I always assumed that it was an economic collapse due to an oil shortage. Between Mad Max and The Road Warrior, the economic collapse precipitated a nuclear war and that, as they say is that. With no major urban areas left, the only survivors are now forced to live in small communities under constant threat from bandits and gangs.
I never did understand why in Thunderdome they moved from their oasis paradise to go live in the burnt out remains of Sydney.
I assumed they were not the same people.
No, they were the same people. It was Savanna narrating that part too.
Not sure what you mean. Who else would they be?
I’m not sure what you mean either. I simply thought the people in and around the refinery in ‘Road Warrior’ were one group of people, whereas the people in Bartertown in ‘Thunderdome’ were another, different, group of people. With the possible exception of the Bruce Spence character, who I seem to recall is supposed actually be a different character in each film bizarrely enough.
Oh dammit, I suppose it’s obvious now I misunderstood msmith537’s comment that I originally replied to.
I really liked BT but then I had a major thing for Tina Turner back then…her legs went on for ever…
Anyhoo, maybe they went to Sydney because they were afraid they might be followed/spotted on the way back to the oasis paradise and they didn’t want to lead Auntie and co. there?

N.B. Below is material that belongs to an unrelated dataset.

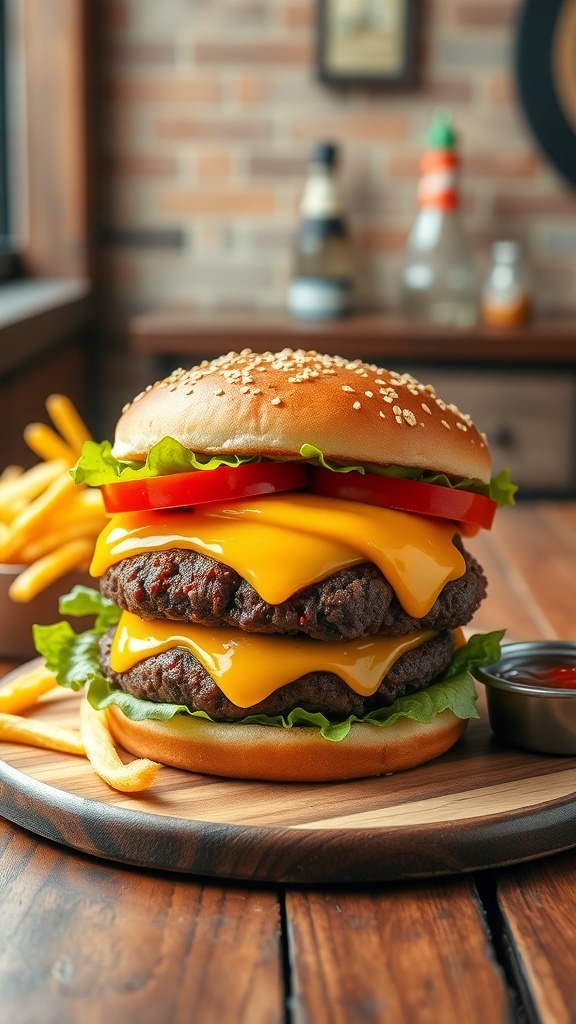 An 8-bit style hamburger with beef patty, cheese, lettuce, and tomatoes, served with fries and ketchup.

Bruce Spence was indeed two different characters both of whom had machines that could fly.
I was never sure of that. He is credited as the Gyrocaptain in Road Warrior but as Jedadiah the Pilot in Thunderdome. But Max seemed to immediately recognize him - “YOU!! You’ve got a plane…” and I assumed 1) Gyrocaptain wasn’t his given name, 2) the kid was the offspring of him and the mousey faced girl he hit it off with in RW and 3) it would be stupid to have the same actor play two similar characters.
I assumed the very same things, but came across a cite somewhere that said George Miller stated they were different characters. Sorry, don’t recall what the cite was.